After seven years since initiation of negotiations, in 2018, Australia in its “An India economic strategy to 2035” expressed reservation on the India-australia CECA being achieved in the “near term”. One of the thorny issues in the negotiations was related to liberalisation of the dairy sector, that most recently, in 2019, was among the major contributory factors for India’s withdrawal from the RCEP. Similarly, even while the UK has withdrawn from the EU, issues around liberalisation in the auto sector and alcoholic beverages that have been difficult to resolve in the India-eu trade negotiations could continue to be sore points in the India-uk trade pact. These sectors continue to be protected with relatively higher tariff levels in India. In these circumstances, it is unlikely that graduating beyond the EHS and negotiating a full-fledged FTA would be easy to accomplish with either of these economies.

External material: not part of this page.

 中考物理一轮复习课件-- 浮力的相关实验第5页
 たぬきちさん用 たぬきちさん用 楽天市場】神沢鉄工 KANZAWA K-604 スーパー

Furthermore, FTAS with the UK or even Australia will not offer India the opportunity to integrate with low-skill, labour-intensive supply chains that may be shifting out of China during and after the pandemic. Australia is not at the centre of the Asian regional value chain production network. The UK is seeking to expand its value chain linkages with the East/ South-east Asian region through the CPTPP. Both countries have value chains that are technology and knowledge intensive. Additionally, as large corporations from these countries shift out of and beyond China, they are quite likely to reshore back to the home economies the capital- and technology-intensive supply chain segments. Integration with these segments will not yield India the benefits that it should be seeking at a time when the pandemic has worsened the already high levels of unemployment and underemployment in our country.

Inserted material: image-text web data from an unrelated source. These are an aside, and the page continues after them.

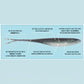 Z-Man Scented Jerk ShadZ - Dogfish Tackle & Marine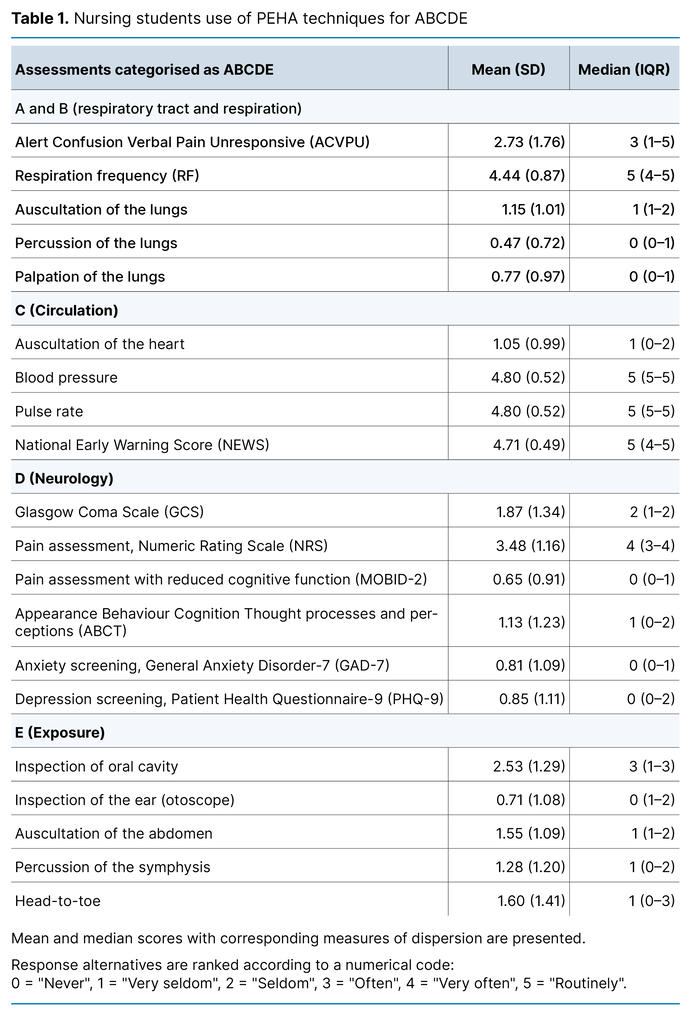 Table 1. Nursing students use of PEHA techniques for ABCDE 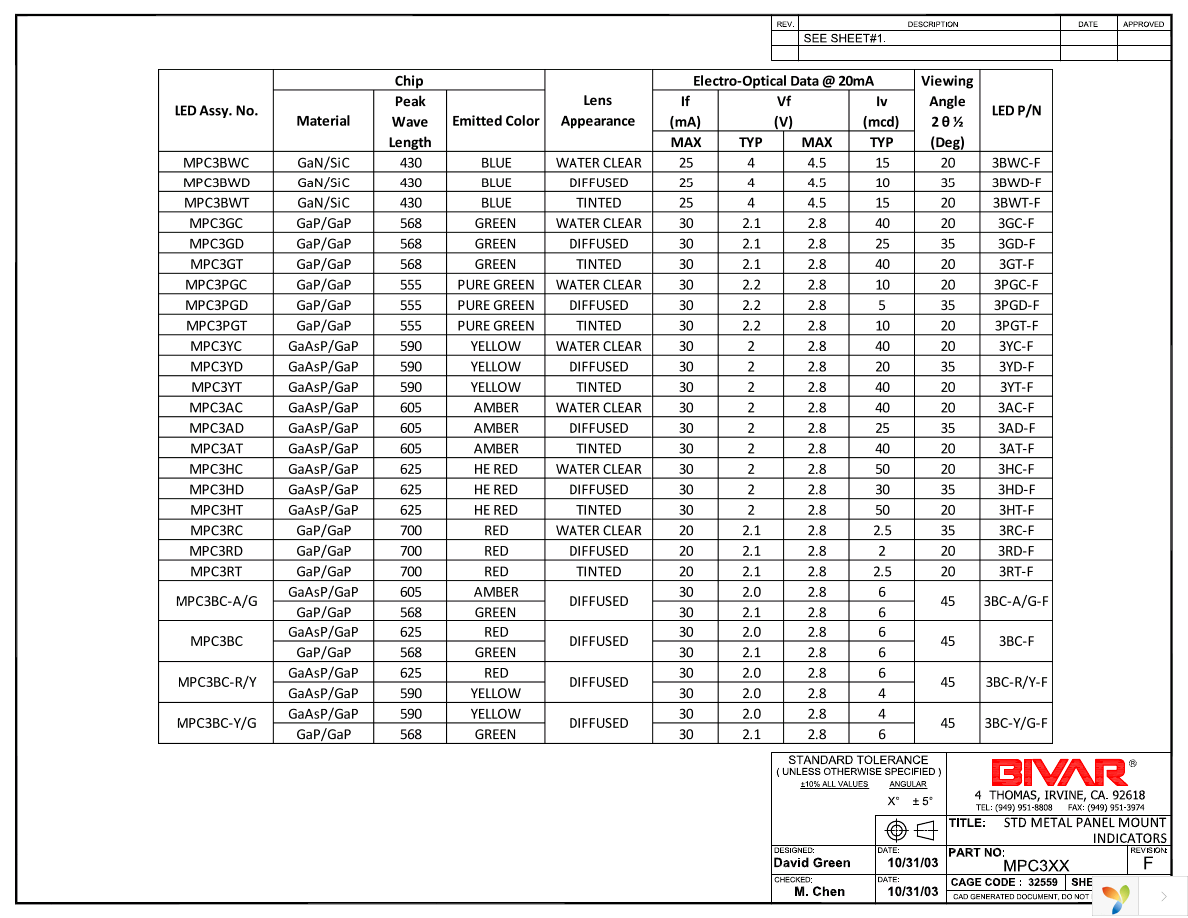 MPC3RD Page 2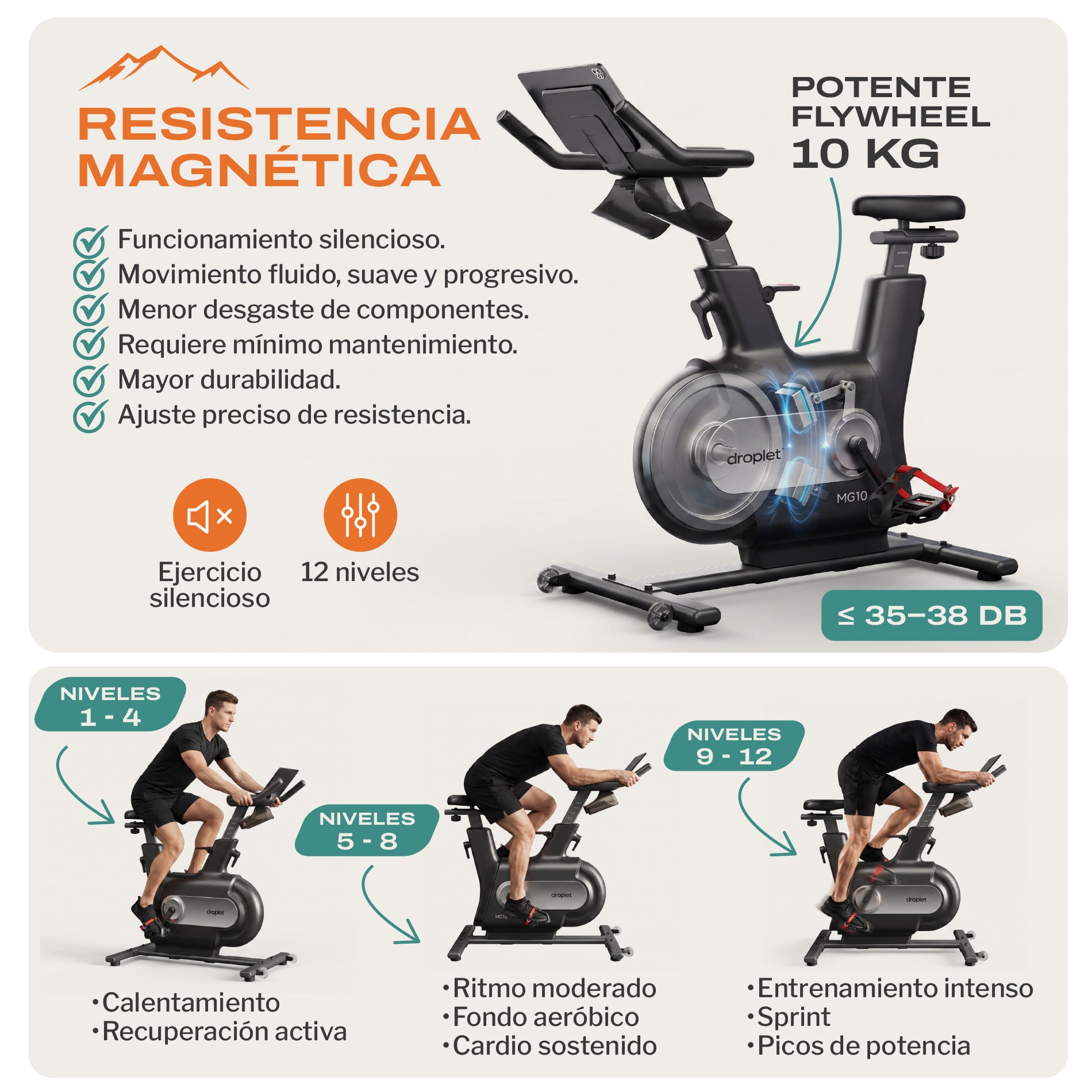 Bicicleta Fija Spinning Magnética 10 Kg MG10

It may also be relevant to point out that if the underlying idea of getting into FTAS is to enhance exports, then concluding reviews and increasing depth of FTAS with the Gvc-intensive East Asia and Asean member economies should be the way forward. The region has retained its trade dynamism and has, in fact, been the lead developing country region in the ongoing global trade recovery in the pandemic period (See my “Opportunities galore in the East”, Business Standard, June 16, 2021). East and South-east Asia provide India the opportunity to intensify its low-skill, labour-intensive backward integration in trade and GVC dynamic sectors like electronics and automobiles. Over the past decade and a half, global trade in the most Gvc-intensive electronics sector, has pivoted away from the western nations to East/ South-east Asia.
Hence, EHS as the way forward in the revamped FTA strategy may be misaligned with India’s immediate imperatives for an employment-promoting trade policy.